パウロは、すべての人々をキリストの救いにあずからせるために、使徒の務めを与えられたわけですが、パウロが「異邦人」という言葉を使っているのは、「異邦人のための使徒」という自覚から来ています。そのことはローマ書11:13でも言っていますし、特にガラテヤ書では

「7 それどころか、彼らは、ペトロには割礼を受けた人々に対する福音が任されたように、わたしには割礼を受けていない人々に対する福音が任されていることを知りました。8 割礼を受けた人々に対する使徒としての任務のためにペトロに働きかけた方は、異邦人に対する使徒としての任務のためにわたしにも働きかけられたのです。9 また、彼らはわたしに与えられた恵みを認め、ヤコブとケファとヨハネ、つまり柱と目されるおもだった人たちは、わたしとバルナバに一致のしるしとして右手を差し出しました。それで、わたしたちは異邦人へ、彼らは割礼を受けた人々のところに行くことになったのです。」(ガラテヤ2:7~9)と語っています。

6、異邦人のための使徒パウロ

パウロという人物が異邦人をキリストに導くために選ばれたことは、まさに神の御計画であったと言わざるを得ません。

彼はローマ市民権を持っており、その特権を最大限に利用することができました。
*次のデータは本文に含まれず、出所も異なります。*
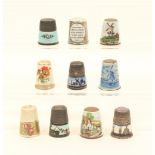 Ten enamel decorated thimbles, including an example with floral border, stamped "925", another to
また、当時の世界共通語であったギリシア語に堪能で、異邦人に伝道する最大の武器を手にしていたことになります。さらには、彼はユダヤ人として律法学者の訓練を受けており、旧約聖書に精通していました。とにかく、パウロは非常に異邦人伝道にふさわしかったと言えます。

7、「召される」

パウロは、ローマの教会の人々に対して「あなたがたもイエス・キリストのものとなるように召された」と告げています。
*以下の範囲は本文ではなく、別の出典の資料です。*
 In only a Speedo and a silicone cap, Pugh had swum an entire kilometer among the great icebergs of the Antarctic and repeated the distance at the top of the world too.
「召される」という言葉は、「呼び出す」という言葉から来ています。神様に名前を呼ばれて召し出される、という事です。自分から積極的に行動するというよりは、神様から呼び出されて行動するという意味が強いと言えます。この場合、単に「招待される」というだけではなく、「召集される」という意味が強いかもしれません。
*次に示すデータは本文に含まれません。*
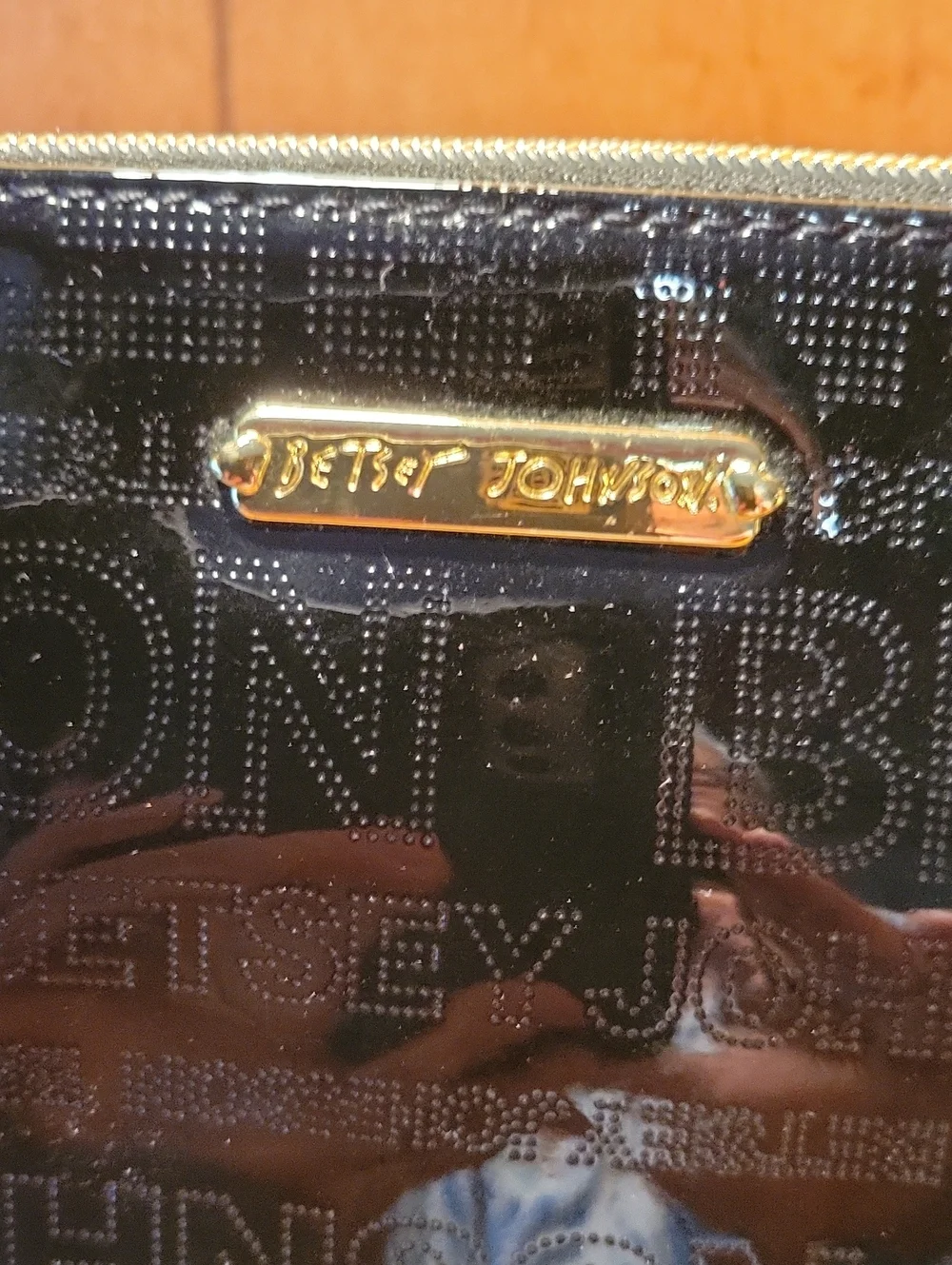 Betsey Johnson Black Patent Wristlet with Gold Accents and Cell Phone Charger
実は「教会」(エクレーシア)という言葉も「呼び出す」という言葉から来ています。古代ギリシアでは、町の指導者が市民に召集をかけることがありました。そうして集まった集会をエクレーシアと呼び、これが教会を指す言葉として定着したのです。ただし、教会の場合、呼び出すのは神であって人間ではありません。

このように見てきますと、教会とは、「神に呼び出された人々の群れ」「神に召された人々の共同体」であることがわかります。

ニカイア・コンスタンテイノポリス信条に、「私たちは、唯一の、聖なる、公同の、使徒的教会を信じます。」とあります。教会は「使徒」としての務めを担っているという事です。その意味では、ペトロやパウロと同じだという事です。

8

パウロは、福音を宣べ伝えるために、使徒として召されたことを告げると共に、教会とそれに連なる信徒も神からの救いを受けるために召し出されたと告げています。

私たちを救うことは神の御心であり、そのためにご計画を立て、その喜びのメッセージを伝えられています。このことを覚え、神に感謝しましょう。また、私たちもこの務めを与えられていることを恵みとして感謝し、力強く、大胆に主イエスの救いの福音を宣べ伝えていきたいと思います。